» **DATA FOR REVIEW**
·····
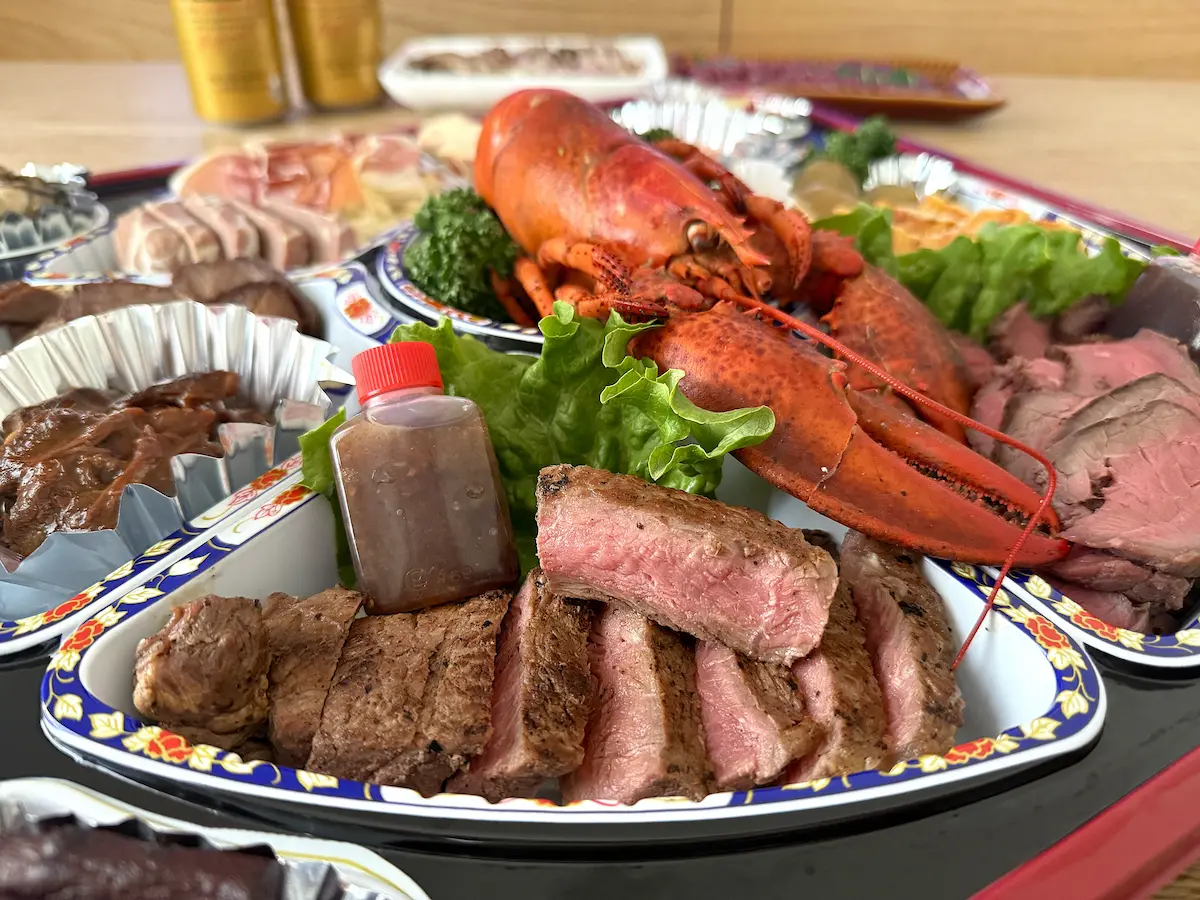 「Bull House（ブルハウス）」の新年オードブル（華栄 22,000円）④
·····
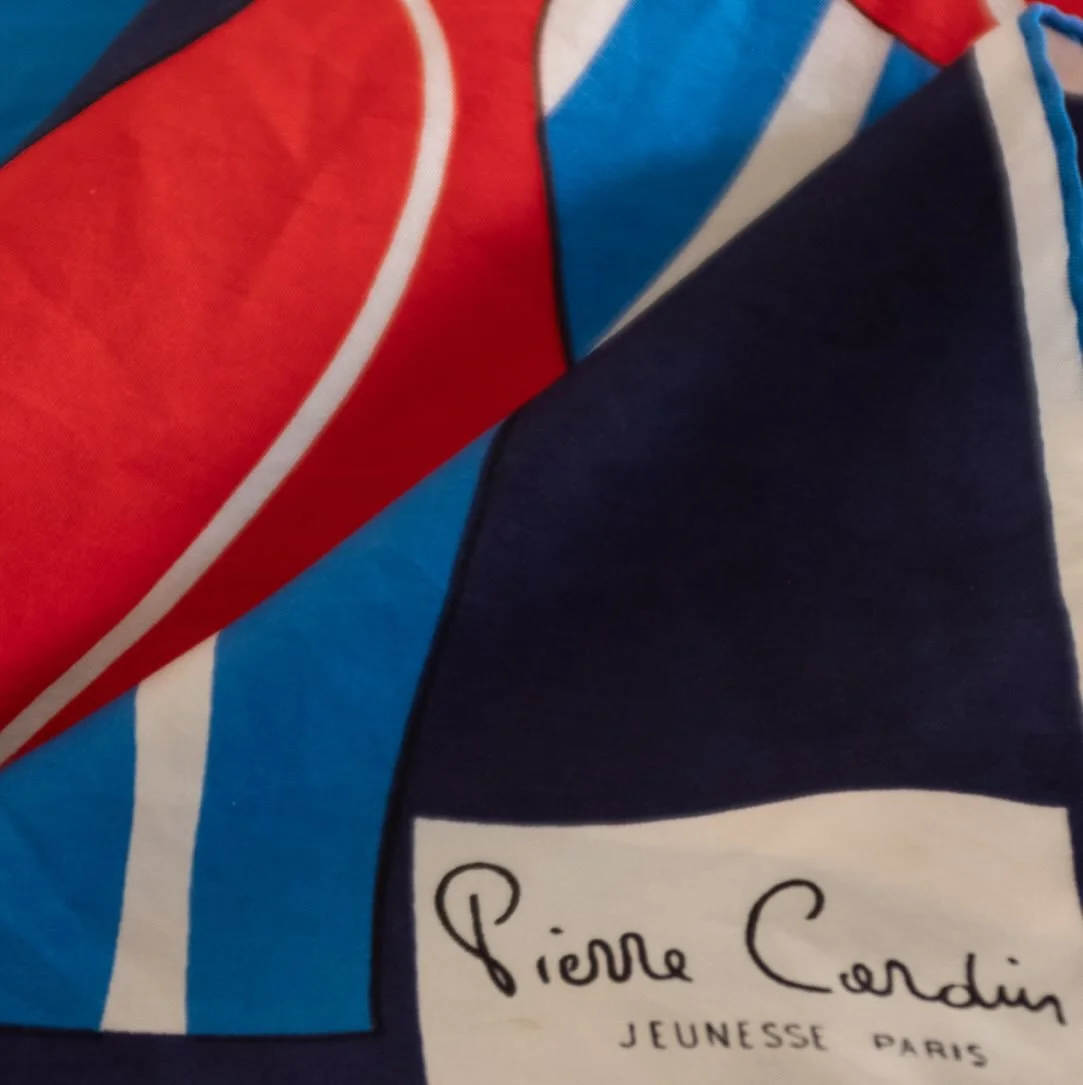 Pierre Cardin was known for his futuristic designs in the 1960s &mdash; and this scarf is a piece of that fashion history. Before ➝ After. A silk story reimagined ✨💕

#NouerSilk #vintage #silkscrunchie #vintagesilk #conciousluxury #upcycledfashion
·····
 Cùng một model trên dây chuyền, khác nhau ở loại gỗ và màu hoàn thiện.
·····
» **TASK REQUIREMENTS**
Write out, word for word, the stretch of entries that begins at the line with "Pierre Cardin was" and ends at the line with "#NouerSilk #vintage #silkscrunchie". Pictures do not belong in it.

» **RESULT**
 Pierre Cardin was known for his futuristic designs in the 1960s &mdash; and this scarf is a piece of that fashion history. Before ➝ After. A silk story reimagined ✨💕

#NouerSilk #vintage #silkscrunchie #vintagesilk #conciousluxury #upcycledfashion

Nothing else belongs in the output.